Seize ans que Jason Statham n’avait pas eu l’occasion de retravailler avec Guy Ritchie avec qui il avait signé Arnaques, Crimes et Botanique, Snatch, et Revolver. Il aura donc fallu attendre tout ce temps pour retrouver les deux compères autour de ce remake américain de l’excellent Le Convoyeur sorti en 2004. Un retour attendu pour un film qui l’était tout autant.
Bien qu’expurgé de la dimension sociale du long-métrage original, Un Homme en Colère en reprend néanmoins la base. H, autrement dit Patrick Hill (Jason Statham), se fait embaucher dans une société de transports de fonds sujette depuis quelques mois à plusieurs braquages. Cachant son passé à ses collègues, Patrick va peu à peu révéler d’étonnantes capacités une fois sur le terrain en faisant preuve d’un étonnant self-control.
Un Homme en Colère choisit de s’éloigner assez rapidement du Convoyeur, aussi bien dans sa structure que dans son ton, notamment à travers la réalisation de Guy Ritchie offrant à ce remake une dimension d’actioner absente du film de Nicolas Boukhrief, plus anxiogène dans ses thématiques, sa photo ou bien encore le personnage d’Alexandre formidablement interprété par Albert Dupontel. Exit la fragilité physique de l’homme, Ritchie troque au contraire ses hésitations contre une précision et un sang-froid à toute épreuve faisant de H un personnage constamment au-dessus de la mêlée, calculateur, redoutable, sans pitié. Un rôle taillé sur-mesure pour Jason Statham jouant de son flegme et de sa carrure d’homme fort.

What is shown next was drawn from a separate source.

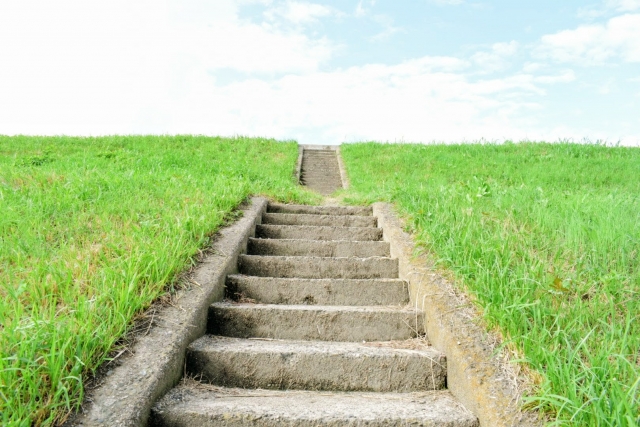 次のステージに上がるために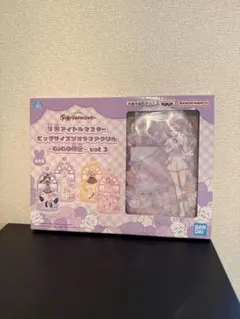 学園アイドルマスター　有村麻央　ビッグサイズジオラマアクリル　GIGO限定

Profitant d’un premier acte à la tension savamment entretenue, Un Homme en Colère échoue malheureusement à offrir suffisamment d’épaisseur à la plupart de ses rôles secondaires pourtant interprétés par des comédiens chevronnés tels Andy Garcia, Holt McCallany ou bien encore Josh Harnett incarnant le joyeux vantard Boy Sweat Dave dont le rôle aurait gagné à être bien mieux défini en amont.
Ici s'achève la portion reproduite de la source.